As opposed to the previously described prior art methods, other improvements resulting from employing the process of this invention include reduction of pulp stream rejects, knots, and shives; an increase in the permanganate number; and the maintenance of physical properties such as bursting strength and tear resistance. Moreover, while the above increases are being maintained, a reduction in the capital costs, the amount of caustic required to achieve a given permanganate number, the cook time, and the like, are achieved.

Referring now to FIG. 1, a system illustrative of the process of the present invention provides conveyor means 2 for feeding a complete mill-wood chip stream 12 to a primary means 3, such as, for example, a means for screening chip stream 12, for initially separating by size stream 12 into respective first and second fractions 14 and 15. The composition of the chips in stream 12 is substantially similar in relative proportional composition to the feed system entering hopper 9 in the previously described Blackford patent. For instance, Example 1, Table 1, provides a Williams screen analysis, according to TAPPI T-16m-54, of feed stream 12 and indicates, by weight percentage, the relative proportion of chips retained on each of a series of screens having respective openings varying from three-sixteenth inch to 11/8 inches. The Williams screen analysis measures either the longitudinal or transverse dimensions of a given chip retained on a given screen. With reference to Table 1, Run I, for purposes of illustration, two important values with regard to chip uniformity can be obtained from the above screen fraction data. The first value is the relative proportion of chips on the 11/8 inch screen. The second is the relative distribution of chips on each of the five screens and the relative position of the screen at which the distribution is maximized. As will be explained more fully in a later discussion, it has now been discovered that it is important for a given chip stream to have a relatively narrow distribution range. For example, for the feed streams compared in Table 1, the presence of as small an amount of 11/8 inch and 7/8 inch chips as possible is desired. Furthermore, the majority of these chips should preferably fall in the middle fraction, in this specific case, on the 5/8 inch screen.
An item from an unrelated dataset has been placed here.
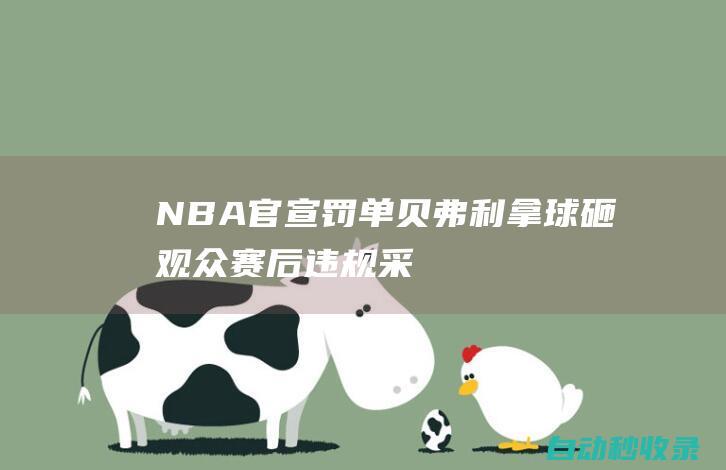 NBA官宣罚单：贝弗利拿球砸观众+赛后违规采访将被无薪禁赛四场|雄鹿队|步行者队|espn|阿德托昆博|帕特里克·贝弗利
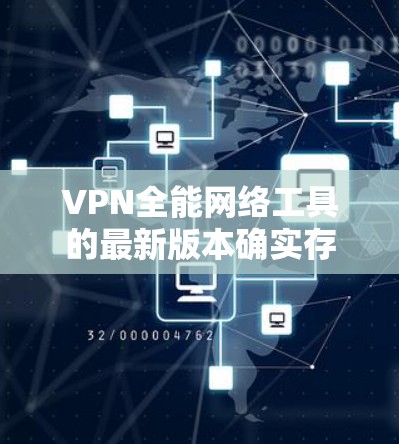 VPN全能网络工具的最新版本确实存在，但具体情况因软件而异。以下是一些可能的VPN全能网络工具，它们通常包括功能模块如VPN连接、流量管理、安全设置、端口工具和聊天工具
Table 2 is an analysis showing chip thickness distribution data of the respective streams presented in Table 1. These chip thicknesses are measured by passing the stream through a premeasured slot so that the relative amount of chips in each of the respective A-E fractions can be determined. Thus, separation means 3 may accordingly comprise a screen means for separating chips on the basis of a predetermined thickness dimension, as hereinafter described. Because of the criticality of the thickness dimension of the chips during the delamination step, this test is considered to be an extremely important measure of uniformity. As in the case of the analysis by Williams screens, a narrow distribution of relatively uniform chips is required herein. More specifically, the thickness distribution of the Blackford and Colombo feed streams, as illustrated in Table 2-I and Table 2-II, respectively, are too broad to simultaneously permit selective delamination, efficient through-put of the feed stream, and substantial maintenance of fiber integrity. It has therefore been determined herein that, in general, chips having a thickness of less than about one-fourth inch are more susceptible to liquor penetration during pulping than chips having a larger thickness dimension.

This is accomplished (see Example 1, Table 1), by employing separation means 3, as for example, a 7/8 inch standard screen, such as the previously described Williams screen. However, when a standard 7/8 inch screen is employed without employing the subject chip reduction step, more chips which should be reduced in size pass through screen 3 and proceed on to the pulping operation. Alternatively, if a smaller sized standard screen is provided to minimize passage of these oversized chips, a much larger amount of chips than might be desirable must subsequently be delaminated or reduced in size by mechanical means. Thus, when the chip reduction step of this invention is employed, a more uniform chip stream is fed to the delaminating means. This provides for a significantly higher through-put rate, a higher overall pulp yield, and a reduction in the percent screen pulp rejects.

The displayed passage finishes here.